What would happen if I put in a JWT ECU w/ the turbo program in my NA car? Would the only effect be that it would run rich? Would I still get the added hp, rev. limit increase, etc. that a normal JWT ECU would provide? I'm just curious because I'm slowly going turbo and found a pretty good deal on a used JWT turbo ECU.


----------



## James (Apr 29, 2002)

yeah you'd just run rich all the time if you use the 370cc injectors/ECU combo with your NA engine.


----------



## zeno (Sep 17, 2002)

I read on the sr20deforums that I would have to upgrade the injectors to match the ECU program (in this case, 370cc instead of the stock) or it would run to lean and probably damage the engine. Does this sound accurate?

Also, would I still get all the benefits of the JWT ECU?


----------



## James (Apr 29, 2002)

if you don't use the 370 cc injectors the time the injectors open will be shorter so yes you will run lean. if you use the 370 cc injectors you will run rich. the only real benefit I can see from using the ecu NA is raising the rev limiter but I don't see how that would really help when everything below is running like crap!


----------



## javierb14 (Jul 9, 2002)

http://www.nissanforums.com/showthread.php?threadid=25561


----------



## SE-RtinMI (Nov 3, 2002)

James said:


> * I don't see how that would really help when everything below is running like crap! *


Have you run your car like this?
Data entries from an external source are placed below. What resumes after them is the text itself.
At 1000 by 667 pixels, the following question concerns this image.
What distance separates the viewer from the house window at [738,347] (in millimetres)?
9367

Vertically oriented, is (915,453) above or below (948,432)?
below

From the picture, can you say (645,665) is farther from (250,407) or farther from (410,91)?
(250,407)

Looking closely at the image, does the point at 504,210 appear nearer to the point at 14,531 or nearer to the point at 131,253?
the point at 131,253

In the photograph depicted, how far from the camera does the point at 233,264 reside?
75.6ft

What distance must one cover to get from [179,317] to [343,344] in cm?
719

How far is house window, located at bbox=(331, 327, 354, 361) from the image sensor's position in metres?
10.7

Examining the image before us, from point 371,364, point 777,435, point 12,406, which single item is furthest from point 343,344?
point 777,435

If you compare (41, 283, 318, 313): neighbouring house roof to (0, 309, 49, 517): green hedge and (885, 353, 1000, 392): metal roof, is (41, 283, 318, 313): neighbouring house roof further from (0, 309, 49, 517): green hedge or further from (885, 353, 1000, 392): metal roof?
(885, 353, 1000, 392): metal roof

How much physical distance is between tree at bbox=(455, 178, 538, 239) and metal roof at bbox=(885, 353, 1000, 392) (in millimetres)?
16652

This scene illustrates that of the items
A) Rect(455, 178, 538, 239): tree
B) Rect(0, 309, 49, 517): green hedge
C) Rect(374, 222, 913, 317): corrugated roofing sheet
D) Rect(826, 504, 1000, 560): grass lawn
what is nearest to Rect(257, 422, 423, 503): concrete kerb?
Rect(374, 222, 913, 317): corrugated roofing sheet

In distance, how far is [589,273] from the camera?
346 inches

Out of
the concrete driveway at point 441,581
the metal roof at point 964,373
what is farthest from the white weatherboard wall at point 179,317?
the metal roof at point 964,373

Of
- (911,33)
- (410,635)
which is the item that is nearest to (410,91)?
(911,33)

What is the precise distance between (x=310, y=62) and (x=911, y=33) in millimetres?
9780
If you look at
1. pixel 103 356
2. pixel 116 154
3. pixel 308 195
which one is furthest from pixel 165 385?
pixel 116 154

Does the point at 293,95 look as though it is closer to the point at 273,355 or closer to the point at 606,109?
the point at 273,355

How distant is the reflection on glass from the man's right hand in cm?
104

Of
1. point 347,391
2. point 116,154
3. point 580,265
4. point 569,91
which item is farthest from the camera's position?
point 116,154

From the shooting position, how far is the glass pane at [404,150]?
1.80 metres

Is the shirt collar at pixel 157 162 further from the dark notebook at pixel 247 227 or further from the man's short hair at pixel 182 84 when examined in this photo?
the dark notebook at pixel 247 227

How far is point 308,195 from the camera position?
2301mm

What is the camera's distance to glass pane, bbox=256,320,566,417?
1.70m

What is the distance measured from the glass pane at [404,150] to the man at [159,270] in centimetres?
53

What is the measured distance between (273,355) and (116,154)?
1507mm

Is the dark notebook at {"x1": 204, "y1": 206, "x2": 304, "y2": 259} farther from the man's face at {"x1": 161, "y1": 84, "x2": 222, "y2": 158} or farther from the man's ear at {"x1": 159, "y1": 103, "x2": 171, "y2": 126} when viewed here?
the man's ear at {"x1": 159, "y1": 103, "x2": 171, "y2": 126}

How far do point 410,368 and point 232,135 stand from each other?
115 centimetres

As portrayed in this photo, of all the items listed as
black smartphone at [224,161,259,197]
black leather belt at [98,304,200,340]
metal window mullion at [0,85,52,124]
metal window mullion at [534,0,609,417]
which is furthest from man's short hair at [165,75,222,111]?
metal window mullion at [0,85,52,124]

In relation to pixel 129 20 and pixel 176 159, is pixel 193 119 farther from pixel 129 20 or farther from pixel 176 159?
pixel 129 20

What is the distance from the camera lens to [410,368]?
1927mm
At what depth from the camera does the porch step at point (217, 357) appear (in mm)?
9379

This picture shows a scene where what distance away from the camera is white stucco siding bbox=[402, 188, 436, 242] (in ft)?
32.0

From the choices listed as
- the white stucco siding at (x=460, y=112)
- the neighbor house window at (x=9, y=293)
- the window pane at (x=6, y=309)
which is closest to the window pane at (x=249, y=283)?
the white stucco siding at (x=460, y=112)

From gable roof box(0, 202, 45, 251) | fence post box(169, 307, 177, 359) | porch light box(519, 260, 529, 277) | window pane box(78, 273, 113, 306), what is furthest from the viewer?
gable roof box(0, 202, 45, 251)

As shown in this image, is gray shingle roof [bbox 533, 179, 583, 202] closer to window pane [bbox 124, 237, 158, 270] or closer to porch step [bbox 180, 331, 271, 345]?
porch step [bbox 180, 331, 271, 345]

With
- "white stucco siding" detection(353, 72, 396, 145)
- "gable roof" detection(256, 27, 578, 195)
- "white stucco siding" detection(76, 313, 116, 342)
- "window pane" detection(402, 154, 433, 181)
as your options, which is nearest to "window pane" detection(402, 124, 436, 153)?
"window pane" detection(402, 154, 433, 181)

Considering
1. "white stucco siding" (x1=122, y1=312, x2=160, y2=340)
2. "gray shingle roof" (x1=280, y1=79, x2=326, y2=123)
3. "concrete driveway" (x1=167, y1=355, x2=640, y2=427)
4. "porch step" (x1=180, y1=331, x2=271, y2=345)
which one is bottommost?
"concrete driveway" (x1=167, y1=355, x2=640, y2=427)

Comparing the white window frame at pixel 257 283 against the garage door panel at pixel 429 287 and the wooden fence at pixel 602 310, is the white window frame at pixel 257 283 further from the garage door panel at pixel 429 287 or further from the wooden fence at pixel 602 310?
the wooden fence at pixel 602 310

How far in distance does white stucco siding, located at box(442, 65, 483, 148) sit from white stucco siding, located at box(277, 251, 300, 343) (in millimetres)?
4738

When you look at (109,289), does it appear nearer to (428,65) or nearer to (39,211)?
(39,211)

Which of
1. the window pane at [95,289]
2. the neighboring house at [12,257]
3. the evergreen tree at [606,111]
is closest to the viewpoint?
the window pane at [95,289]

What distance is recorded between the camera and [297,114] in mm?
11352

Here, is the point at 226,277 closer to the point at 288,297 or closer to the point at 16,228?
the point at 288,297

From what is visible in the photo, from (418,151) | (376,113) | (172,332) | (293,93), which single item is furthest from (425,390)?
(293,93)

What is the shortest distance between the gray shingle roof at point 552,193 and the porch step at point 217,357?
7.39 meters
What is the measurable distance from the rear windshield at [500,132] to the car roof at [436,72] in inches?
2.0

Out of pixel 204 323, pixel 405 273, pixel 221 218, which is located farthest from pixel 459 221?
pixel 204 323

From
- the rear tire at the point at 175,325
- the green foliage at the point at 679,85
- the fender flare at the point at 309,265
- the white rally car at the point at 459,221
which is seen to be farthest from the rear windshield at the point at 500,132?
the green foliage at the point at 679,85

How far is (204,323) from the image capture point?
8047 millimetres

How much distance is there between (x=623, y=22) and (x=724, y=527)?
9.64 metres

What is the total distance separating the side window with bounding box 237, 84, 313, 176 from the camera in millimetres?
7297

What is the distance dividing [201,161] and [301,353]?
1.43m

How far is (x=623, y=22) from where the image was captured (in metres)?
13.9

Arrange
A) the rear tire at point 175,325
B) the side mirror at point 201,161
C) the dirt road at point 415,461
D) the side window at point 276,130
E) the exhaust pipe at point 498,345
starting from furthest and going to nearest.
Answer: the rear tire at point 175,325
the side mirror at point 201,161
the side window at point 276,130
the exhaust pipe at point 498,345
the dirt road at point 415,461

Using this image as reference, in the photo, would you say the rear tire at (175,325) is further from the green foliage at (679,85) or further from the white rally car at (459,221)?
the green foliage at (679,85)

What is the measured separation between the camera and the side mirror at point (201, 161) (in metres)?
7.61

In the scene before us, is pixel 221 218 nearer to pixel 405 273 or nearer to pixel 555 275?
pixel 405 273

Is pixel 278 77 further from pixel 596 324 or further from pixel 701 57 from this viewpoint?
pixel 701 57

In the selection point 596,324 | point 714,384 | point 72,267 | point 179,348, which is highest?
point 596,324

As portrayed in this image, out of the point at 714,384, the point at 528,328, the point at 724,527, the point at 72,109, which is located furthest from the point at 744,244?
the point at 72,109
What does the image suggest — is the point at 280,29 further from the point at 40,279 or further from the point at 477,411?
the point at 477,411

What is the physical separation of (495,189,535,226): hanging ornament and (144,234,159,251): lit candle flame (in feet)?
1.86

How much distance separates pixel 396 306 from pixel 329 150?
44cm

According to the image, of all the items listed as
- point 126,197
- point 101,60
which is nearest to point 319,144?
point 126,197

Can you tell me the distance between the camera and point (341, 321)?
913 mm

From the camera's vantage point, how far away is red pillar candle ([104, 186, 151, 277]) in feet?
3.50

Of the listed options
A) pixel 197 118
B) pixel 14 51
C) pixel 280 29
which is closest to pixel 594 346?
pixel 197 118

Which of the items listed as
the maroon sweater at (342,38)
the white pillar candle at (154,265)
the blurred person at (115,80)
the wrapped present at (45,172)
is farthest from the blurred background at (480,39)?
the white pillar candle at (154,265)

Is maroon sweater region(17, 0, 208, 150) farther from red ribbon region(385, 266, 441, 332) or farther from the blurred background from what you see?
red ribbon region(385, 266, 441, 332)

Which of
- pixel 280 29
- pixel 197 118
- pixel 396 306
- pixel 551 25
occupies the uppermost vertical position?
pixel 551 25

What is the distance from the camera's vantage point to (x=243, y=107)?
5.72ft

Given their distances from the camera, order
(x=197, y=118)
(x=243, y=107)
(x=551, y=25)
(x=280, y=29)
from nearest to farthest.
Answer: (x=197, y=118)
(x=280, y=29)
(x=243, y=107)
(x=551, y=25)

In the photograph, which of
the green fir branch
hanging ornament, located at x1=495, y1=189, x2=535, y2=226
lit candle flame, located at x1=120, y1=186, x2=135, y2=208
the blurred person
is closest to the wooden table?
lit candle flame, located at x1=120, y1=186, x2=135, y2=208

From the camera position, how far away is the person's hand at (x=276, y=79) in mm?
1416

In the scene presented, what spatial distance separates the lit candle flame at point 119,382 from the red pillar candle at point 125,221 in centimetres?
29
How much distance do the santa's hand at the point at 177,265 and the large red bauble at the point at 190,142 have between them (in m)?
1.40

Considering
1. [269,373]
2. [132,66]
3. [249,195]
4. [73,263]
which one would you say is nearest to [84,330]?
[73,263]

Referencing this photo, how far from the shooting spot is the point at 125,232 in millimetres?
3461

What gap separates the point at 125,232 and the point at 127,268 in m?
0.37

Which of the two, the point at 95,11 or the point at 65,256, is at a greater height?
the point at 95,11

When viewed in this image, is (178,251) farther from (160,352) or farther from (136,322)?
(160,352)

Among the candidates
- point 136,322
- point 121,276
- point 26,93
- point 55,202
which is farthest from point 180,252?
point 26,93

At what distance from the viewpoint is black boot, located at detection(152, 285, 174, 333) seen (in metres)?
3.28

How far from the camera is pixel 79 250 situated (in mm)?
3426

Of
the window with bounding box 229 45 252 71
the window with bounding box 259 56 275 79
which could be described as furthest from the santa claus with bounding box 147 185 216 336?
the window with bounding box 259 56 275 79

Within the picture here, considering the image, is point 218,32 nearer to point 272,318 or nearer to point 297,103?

SOunds like you have..... Well I have and my car ran Very strong. I had 390cc [email protected]/Bored MAF program and ran it NA. Ran very well, not rich either. I also ran the C2 program w/o the cams in for 1/2 a year and that was great as well


----------



## PatScottAKA99XE (Apr 30, 2002)

It should run fine, turbo cars are not always making boost. Remember that.


----------



## James (Apr 29, 2002)

SE-RtinMI said:


> *Have you run your car like this? SOunds like you have..... Well I have and my car ran Very strong. I had 390cc [email protected]/Bored MAF program and ran it NA. Ran very well, not rich either. I also ran the C2 program w/o the cams in for 1/2 a year and that was great as well  *


Well whenever the couplers pop off the car is basically running NA with 370cc injectors and JWT ecu... it runs like crap and stalls out all the time!


----------



## PatScottAKA99XE (Apr 30, 2002)

Thats alot different than running NA.


----------



## UnderDog (Jul 14, 2002)

http://www.nissanforums.com/showthread.php?s=&threadid=25561

javierb14 said he ran the turbo program while n/a and it worked fine.


----------



## James (Apr 29, 2002)

guess if the ecu ran for a while NA it might run better... dunno... every time I run it like that I get a whole lotta black crap on my tail pipe...


----------



## PatScottAKA99XE (Apr 30, 2002)

The question is James, When you say you run it NA what do you mean? Having couplers popped off isnt close to being NA. Have you run the ECU with no turbo related hardware on the car other than the ECU?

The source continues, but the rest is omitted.